Hi!
I’m writing a function that constructs a symmetric sparse matrix. I’ve tried two implementations:
function version1(x::Vector{Date}, k::Function)
n = length(x)
mat = speye(Float64, n, n)
for i = 1:n
for j = 1:(i - 1)
w = Dates.value(x[i] - x[j])
w = k(w)
(w > 0.0) && (mat[j, i] = w)
end
end
return Symmetric(mat)
end
function version2(x::Vector{Date}, k::Function)
n = length(x)
idx₁ = Vector{Int}(1:n)
idx₂ = Vector{Int}(1:n)
val = fill(1.0, n)
for i = 1:n
for j = 1:(i - 1)
w = Dates.value(x[i] - x[j])
w = k(w)
if w > 0.0
push!(idx₁, j)
push!(idx₂, i)
push!(val, w)
end
end
end
return Symmetric(sparse(idx₁, idx₂, val))
end
I’ve tried them on both on a vector of 5400 dates.

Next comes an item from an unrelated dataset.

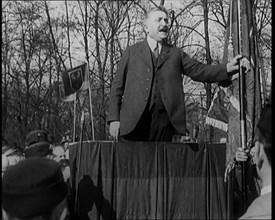 A Male Civilian Makes a Speech from a Stand in Front of a Crowd of Male Civilians Carrying..., 1924. Creator: British Pathe Ltd.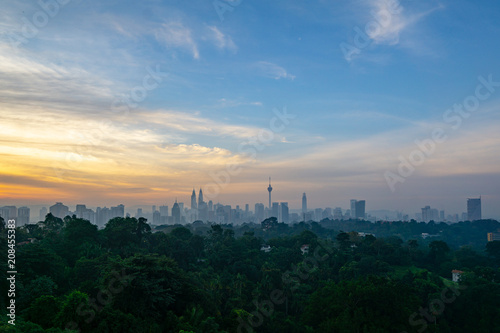 Canvas Print Cloudy sunrise over KL Tower and surrounded buildings in downtown Kuala Lumpur, Malaysia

After an initial run for compilation, @time
gives: version1: 7.849785 seconds (48 allocations: 83.900 MiB); version2: 0.676957 seconds (75 allocations: 283.136 MiB, 24.15% gc time). These results are consistent across multiple runs.
Is there are a reason to prefer version1
? Are the memory savings worth the extra running time?